Question

A company sells widgets. The amount of profit, y, made by the company, is related to the selling price of each widget, x, by the given equation. Using this equation, find out what price the widgets should be sold for, to the nearest cent, for the company to make the maximum profit.
y=-34x^2+1542x-10037

Answer 1

Answer:

In order to maximize profit, the company should sell each widget at $22.68.

Step-by-step explanation:

The amount of profit y made by the company for selling widgets at x price is given by the equation:

$y=-34x^2+1542x-10037$

And we want to find to price for which the company should sell in order to maximize the profit.

Since our equation is a quadratic with a negative leading coefficient, its maximum will occur at the vertex point.

The vertex of a quadratic is given by the formulas:

$\displaystyle \text{Vertex}=\left(-\frac{b}{2a}, f\left(-\frac{b}{2a}\right)\right)$

In this case, a = -34, b = 1542, and c = -10037.

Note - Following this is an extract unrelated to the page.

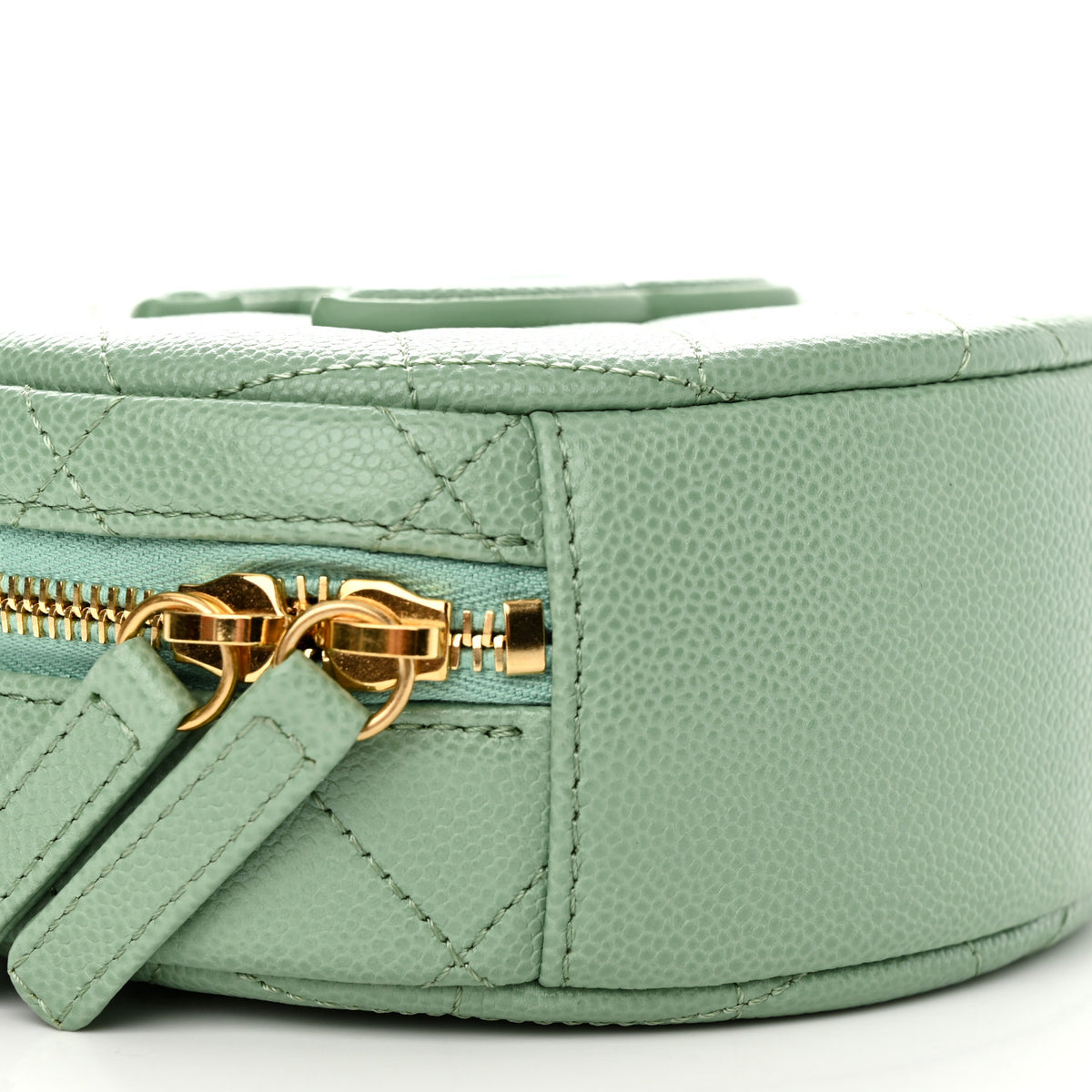 Chanel Caviar Quilted Small Round Vanity With Chain Light Green 9 of 11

Find the x-coordinate of the vertex:

$\displaystyle x=-\frac{(1542)}{2(-34)}=\frac{771}{34}\approx \ 22.68$

So, in order to maximize profit, the company should sell each widget at $22.68.

Extra Notes:

In order to find the maximum profit, substitute the price back into the equation:

$\displaystyle y\left(\frac{771}{34}\right)\approx\ 7446.56$